TASK ITEM
Set out exactly, and only, the lines running from the one containing "Julie Guest House Tangalle Buitenkant foto" to the bottom of the listing below; pictures stay out.

DATA SEGMENT
══════════════════════════════

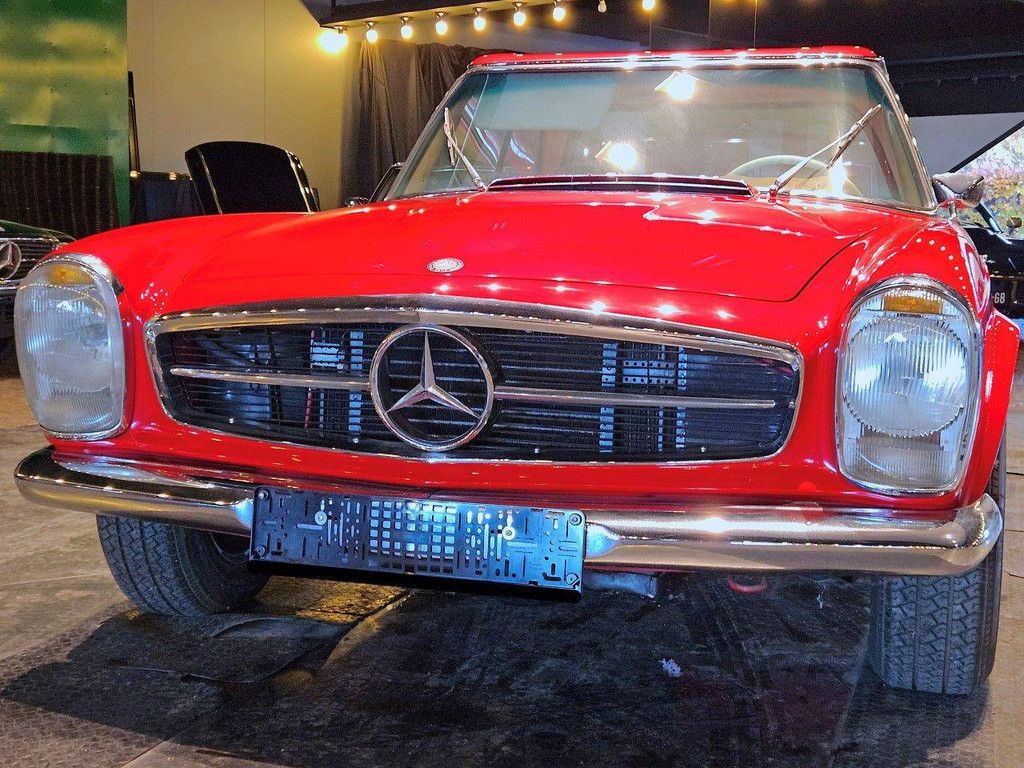 Mercedes-Benz 250 SL „Pagode“ Benzin 1965 (Margin)
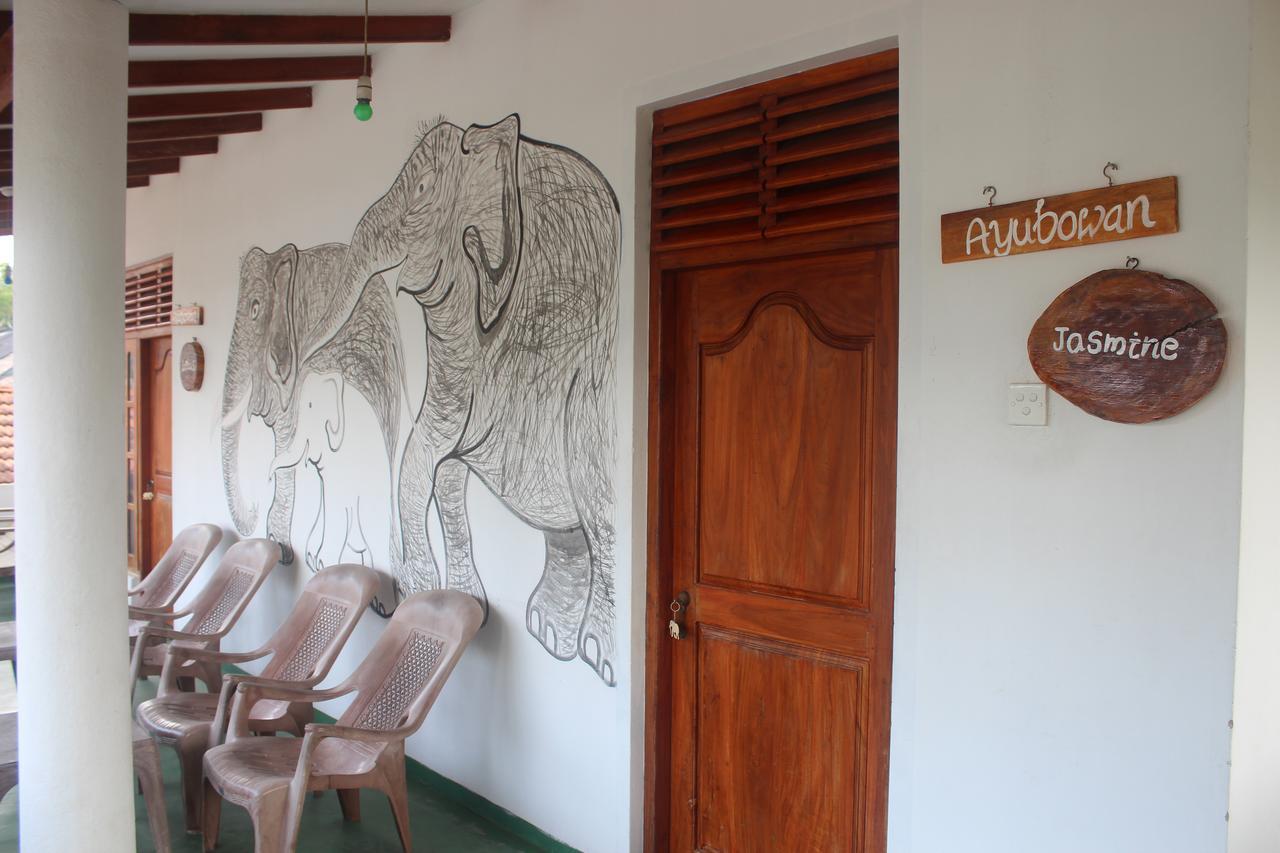Julie Guest House Tangalle Buitenkant foto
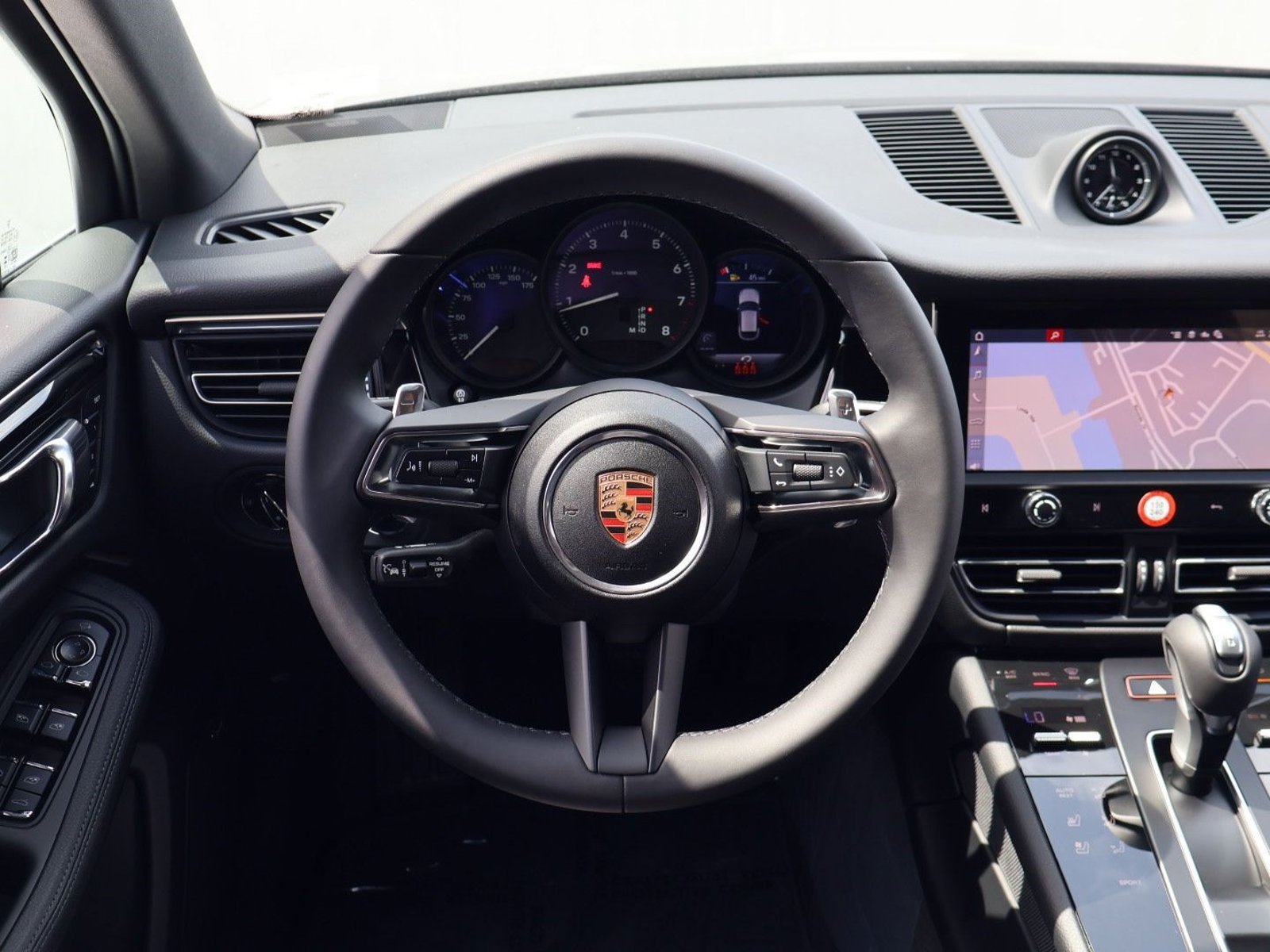 New 2026 Porsche Macan AWD/4WD image 14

══════════════════════════════

SOLUTION TO THE EXERCISE
Julie Guest House Tangalle Buitenkant foto
 New 2026 Porsche Macan AWD/4WD image 14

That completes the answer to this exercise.